108.現れた人物とは
「やっぱり気付いていたのか」
そう言いながら出てきたのは、ゼロスさんだった。まぁ、チラッと確認したから誰がいるのかは分かっていたけど……。
「少し前にですよ?いつからいたのかは、分かりませんでしたが……」
「それでも十分に凄いぞ」
と呆れながらも褒めてくれた。でも、魔法を使ったと言ったらそのお褒めの言葉も無しになりそう……。
「それで彼女の宣言は、聞こえましたか?」
「ああ、『私は、ユアには、二度と関わりません!』といったやつか?」
「そうです」
よかったちゃんと聞こえていたみたいだ。そのことに安心しながらユアに視線を向けると驚いていた。メンデスも同様に驚いたような表情をしている。もしかして急に人が出てきてびっくりしたのかな? ……それにしてもゼロスさんは、どうしてここにいたのかな?
「そういえばゼロスさんは、どうしてここに?」
「あぁ、少し前、ギルドに慌てて帰って来たやつがいてな。そいつが街の近くの森でオークを見たとか言っていたから確認の為にオークを目撃した場所に向かっていたら嬢ちゃんたちを見つけた感じだ」
「!? オーク!!」
どうやらメンデスは今頃になってオークの事を思い出したようで辺りをキョロキョロし出した。目を覚ました時は、ユアや怪我の事以外何も話していないから違う事で恐怖を紛らわしていたのかと思っていたけど、どうやら目の前の事にしか目が行っていなかったようだ。
「嬢ちゃん達も見たのか?」
「まぁ、一応」
と言いながらユアの方に視線を向けると頷いていた。
「そうか……。なら、この怪我は、全部オークによるものなのか?」
と言いながらメンデスに視線を向けた。
「そうよ」「違うわ」
「なんであんたがそんなこと言うわけ! あんた達は知らないでしょ!」
「見てないけどオークによって受けた怪我は、左腕だけでしょ。あとは、崖から落ちた? それとも飛び降りた怪我でしょ?」
「っな!」
と言ってメンデスは、口をパクパクさせていた。
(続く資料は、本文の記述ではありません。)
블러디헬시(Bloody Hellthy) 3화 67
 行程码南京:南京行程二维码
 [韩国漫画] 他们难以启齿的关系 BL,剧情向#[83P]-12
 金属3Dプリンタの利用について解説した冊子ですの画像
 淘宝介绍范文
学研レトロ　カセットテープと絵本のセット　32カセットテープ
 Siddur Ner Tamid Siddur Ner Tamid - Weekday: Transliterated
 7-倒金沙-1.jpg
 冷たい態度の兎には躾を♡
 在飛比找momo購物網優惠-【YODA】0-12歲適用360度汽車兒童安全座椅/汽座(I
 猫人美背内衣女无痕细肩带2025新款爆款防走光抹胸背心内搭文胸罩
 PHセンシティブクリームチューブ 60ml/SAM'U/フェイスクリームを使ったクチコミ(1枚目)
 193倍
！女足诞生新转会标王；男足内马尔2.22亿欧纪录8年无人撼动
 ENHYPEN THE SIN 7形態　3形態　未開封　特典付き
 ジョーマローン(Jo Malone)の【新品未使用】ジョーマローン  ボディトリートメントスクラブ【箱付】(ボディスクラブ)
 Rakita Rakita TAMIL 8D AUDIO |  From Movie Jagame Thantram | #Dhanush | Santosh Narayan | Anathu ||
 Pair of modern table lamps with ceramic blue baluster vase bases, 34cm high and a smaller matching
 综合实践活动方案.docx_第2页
どうやら図星みたい。まぁ、分かってはいたけど……。
「どういうことだ?」
そうゼロスさんが聞いて来た。
「この崖の上にあった足跡が崖の方に続いていたから」
と言ってメンデスの上辺りの崖を見る。
「……後で調べておこう」
ゼロスさんが調べてくれれば大丈夫かな? 無闇に走り回って崖から落ちたのにオークに襲われたとか言って凄く悲惨な被害者ぶっているのは気に食わないし……。とそんなことを思っているとユアがゼロスさんにこんなことを聞いていた。
「ゼロスさんは、いつから近くにいたの?」
「確か怪我をしている嬢ちゃんが喚き始めたあたりか? 声が聞こえてこっちに来たから」
ゼロスさんがそう言うと、メンデスは怪しげな笑みを浮かべていた。